HTML DOM for mIRC ( $dom )
Written by PennyBreed @ irc.nuphrax.com on #botdev
This set of aliases will allow you to retrieve, query and traverse HTML DOM
using an InternetExplorer instance. The calls support nesting, example:
$dom($dom($dom_open(http://foo.bar),xpaths,link),str,type)
This was my primary goal with my $xml script, before I realized it would not accept
malformed HTML, but finished it anyway. These scripts basically simplify the $com calls
and provide a quick way to clean them up, using /dom_free and /dom_freeall
Instead of loading the page in IE, I THINK you can com into ms's DOM handler, and specify a page or local file instead of requiring IE to download and parse the page. Will report back if I find what I'm looking for. Also, mmmm coms!
Found what I was looking for: msxml2.DOMDocument.6.0, After creating the com, you can load xml/html locally instead of requiring the use of IE to download the file.
If you want to download a page, then traverse the DOM, you can use msxml2.xmlhttp or similar to get the page, then use msxml2.DOMDocument to parse what's downloaded. It should be quite a bit faster than using InternetExplorer.Application to download and parse the page/file into a usable DOM
msxml2.DOMDocument Object Reference: http://msdn.microsoft.com/en-us/library/ms766487(v=vs.85).aspx
msxml.xmlhttp Object Reference: http://msdn.microsoft.com/en-us/library/ms759148(v=vs.85).aspx
Soo, after a bit of researching and some hit and miss coding, I think I have something of interest. Instead of using DOMDocument, have you tried htmlfile. It allows for malformed html and xml, while still giving the ability to load a file locally.
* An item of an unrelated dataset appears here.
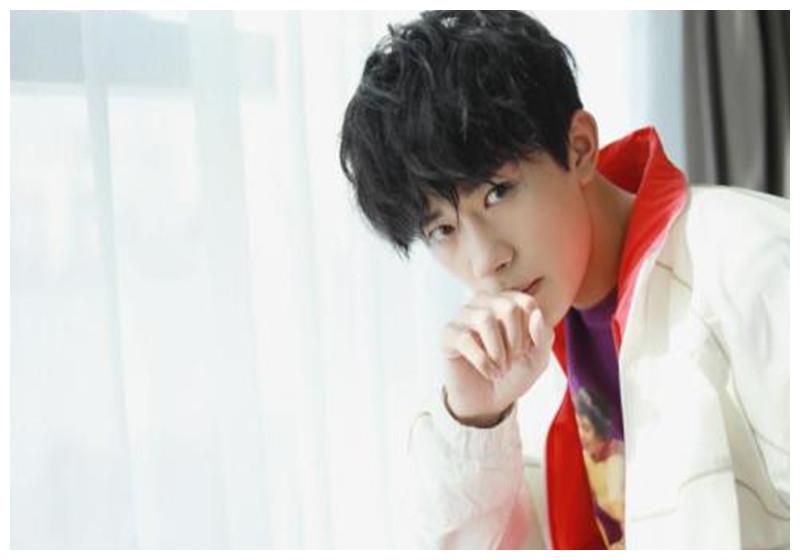 “宝藏男孩”易烊千玺，超脱年龄的成熟，始终听从内心声音！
I haven't researched too much into to see if it can get and process a remote file + javascript, but here's a simple test alias as an example:
; /domLoad ComName random HTML Code
alias domLoad {
comopen $1 htmlfile
var %page = $1 $+ page
if ($comerr) {
echo -a :: comerr on open
}
elseif (!$com($1,open,1)) || $comerr) {
echo -a :: comerr when opening htmlfile
}
elseif (!$com($1,write,1,bstr, $2-) || $comerr) {
echo -a :: comerr when writing htmlfile
}
elseif (!$com($1,close,1) || $comerr) {
echo -a :: comerr when closing htmlfile
}
/*
This is just for testing purposes.
From here you could start using getElement*By*()
methods or similar
*/
elseif (!$com($1, body, 2, dispatch* %page) || $comerr) {
echo -a :: comerr when retriving body
}
elseif (!$com(%page, innerHTML, 2) || $comerr) {
echo -a :: comerr when retriving innerHTML of body
}
else {
echo -a :: $com(%page).result
}
:error
reseterror
comclose $1
comclose %page
}
--
I'd like to apologize if I've come off as being smug or snobbish while commenting (attitudes don't get transferred with text), my intentions were to be insightful and give feedback, not to be egotistical or arrogant.
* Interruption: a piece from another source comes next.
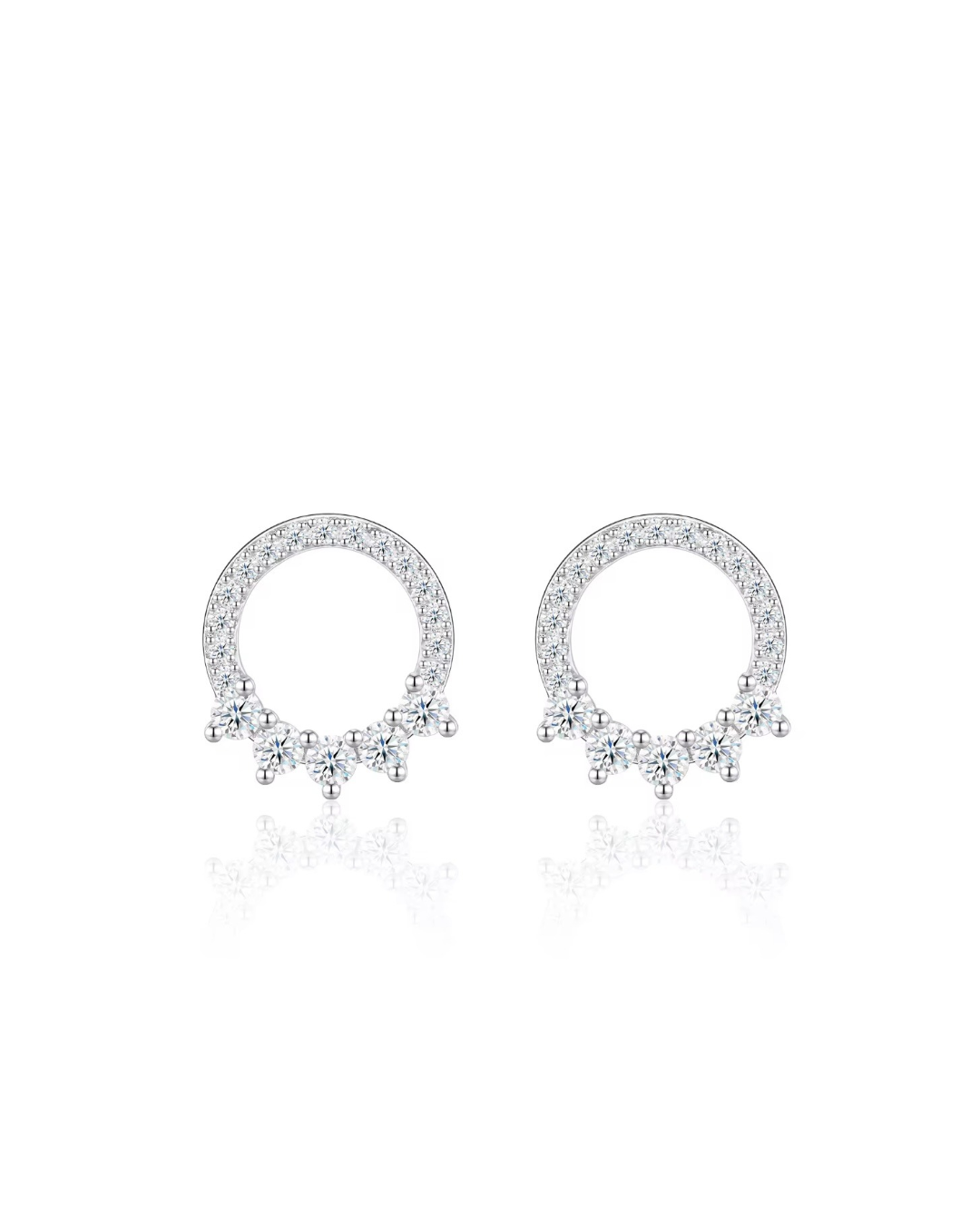 Orecchini con diamante moissanite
These don't accept malformed HTML, and always throw parsing errors. I actually started out using these, before I recognized that. I saved the old code and made it strictly for XML, but have not posted it yet. I've not really been doing any msl. Furthermore, loading them in IE allows you to wait until the page is loaded, and access information filled by javascript or other means.